Given $p = \mathop {\lim }\limits_{x \to 0 + } {(1 + {\tan ^2}\sqrt x )^{\dfrac{1}{{2x}}}}$ $\to (1)$
We can see that for $x \to {0^ + },1 + {\tan ^2}\sqrt x \to 1$and for $x \to {0^ + },\dfrac{1}{{2x}} \to \infty$
So for $x \to {0^ + },{(1 + {\tan ^2}\sqrt x )^{\dfrac{1}{{2x}}}} \to {1^\infty }$
So it is an intermediate form ${1^\infty }$.
And we know for ${1^\infty }$intermediate form $\mathop {\lim }\limits_{x \to 0} {(f(x))^{g(x)}}$where for $x \to 0\,f(x) \to 1$and for $x \to 0\,\,\,g(x) \to \infty$.
$\mathop {\lim }\limits_{x \to 0} {(f(x))^{g(x)}} = {e^{\mathop {\lim }\limits_{x \to 0 + } \dfrac{{(f(x) - 1)}}{{g(x)}}}}$ $\to (2)$
Now using (2) in (1) we get,
$p = \mathop {\lim }\limits_{x \to 0 + } {(1 + {\tan ^2}\sqrt x )^{\dfrac{1}{{2x}}}} = {e^{\mathop {\lim }\limits_{x \to 0} \dfrac{1}{{2x}}(1 + {{\tan }^2}\sqrt x - 1)}} \\ p = {e^{\mathop {\lim }\limits_{x \to 0} \dfrac{{{{\tan }^2}\sqrt x }}{{2x}}}} \\ p = {e^{\mathop {\lim }\limits_{x \to 0} \dfrac{{{{\tan }^2}\sqrt x }}{{2{{\sqrt x }^2}}}}} \\ p = {e^{\mathop {\lim }\limits_{x \to 0} {{\left( {\dfrac{{\tan \sqrt x }}{{\sqrt x }}} \right)}^2} \times \dfrac{1}{2}}} \\$
Now using $\mathop {\lim }\limits_{x \to 0 + } {\left( {\dfrac{{\tan \sqrt x }}{{\sqrt x }}} \right)^2} = 1$. We get,
$p = {e^{\dfrac{1}{2}(1)}} \\ p = {e^{\dfrac{1}{2}}}\,\,\,\,\,\,\,\,\,\,\,\,\,\,\, \to (3) \\$
Now we need to find the value of $\log p$, according to the question.
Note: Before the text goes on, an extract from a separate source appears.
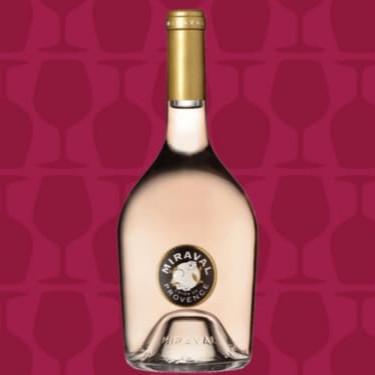 Em poucos anos o Miraval se tornou um dos vinhos rosé mais procurados de todo o mundo. Com generosos aromas florais e de frutas silvestres, aliados a uma refrescante nota mineral com toques de frutas cítricas do mediterrâneo, é um rosé da Provence na sua melhor versão. Um final de prova, com um retrogosto que lembra um campo de lavanda nos transporta à linda paisagem do sul da França. Esta criação do ator Brad Pitt recebeu 90 pontos de Robert Parker na safra 2022.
So taking log on both sides in (3), we get
$\log p = \log {e^{\dfrac{1}{2}}}$
Now using $\log {e^b} = b\log e = b(1) = b$
$\log p = \dfrac{1}{2}\log e = \dfrac{1}{2}$
So $\log p = \dfrac{1}{2}$

So, the correct answer is “Option C”.

Note:Using $\tan x = x + \dfrac{{{x^3}}}{3} + \dfrac{{2{x^5}}}{{15}} + .............$.
We can see that
$\mathop {\lim }\limits_{x \to 0 + } {\left( {\dfrac{{\tan \sqrt x }}{{\sqrt x }}} \right)^2} = \mathop {\lim }\limits_{x \to 0 + } \left( {\dfrac{{\sqrt x + \dfrac{{{{\sqrt x }^3}}}{3} + \dfrac{{2{{\sqrt x }^5}}}{{15}} + ...........}}{{\sqrt x }}} \right) \\ = \mathop {\lim }\limits_{x \to 0 + } \left( {1 + \dfrac{{{{\sqrt x }^2}}}{3} + \dfrac{{2{{\sqrt x }^4}}}{{15}} + ..........} \right) \\ = 1 \\$
This point is important to solve this question. And we take $\log$ with base $e$ and then ${\log _e}e = 1$. And will not take $\log$ with base $10$.